Once again, we see a limitation of an LLM (especially a smaller and quantized one!): even when explicitly instructing in the prompt not to repeat the question in the response, the model still does so, making the output cluttered, even if the answer is correct. For the same reason, it’s also worth mentioning that restricting the model’s knowledge to the given context doesn’t always work as expected.

In [17]:
# Test get chat history
chat_history_response = requests.get(f"{BASE_URL}/get_chat_history/", params={"user_id": user_id, "url": url_to_index2})

print(chat_history_response.json()['chat_history'])  # Should return the chat history # we just keep the last 10 messages

User:What is capital of France?
Chatbot:Paris is the capital of France.
User:and how many people live there?
Chatbot:The population of France is approximately 68.6 million people.
User:and who is the its current president?
Chatbot:The current president of France is Emmanuel Macron.
User:What have I just asked?
Chatbot:What have I just asked for?      I've asked for information about the current president of France.
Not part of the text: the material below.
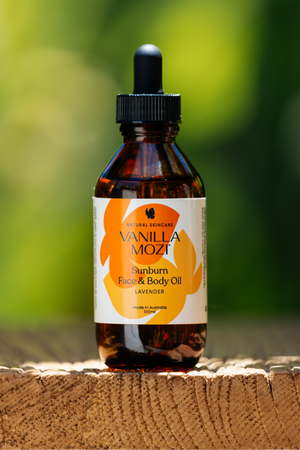 Vanilla Mozi Sunburn Face and Body Oil
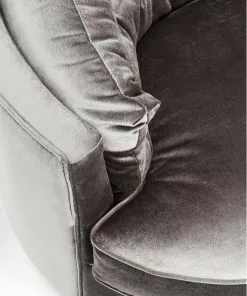 Kare Design Music Hall Kääntyvä Nojatuoli, Harmaa -Huonekalu kauppa fotel obrotowy music hall 90x71 cm szary 6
Overall, I believe we can conclude that the results were quite satisfactory. Obviously, with more powerful hardware, the time overhead caused by using LLMs would be mitigated. There are several areas for improvement, including how to handle the model’s responses and the fact that it can still hallucinate and make mistakes, even with the temperature set to 0.0. However, I think all functionalities have been implemented in a simple, direct, and objective manner. Moreover, they work well, and the results are interesting!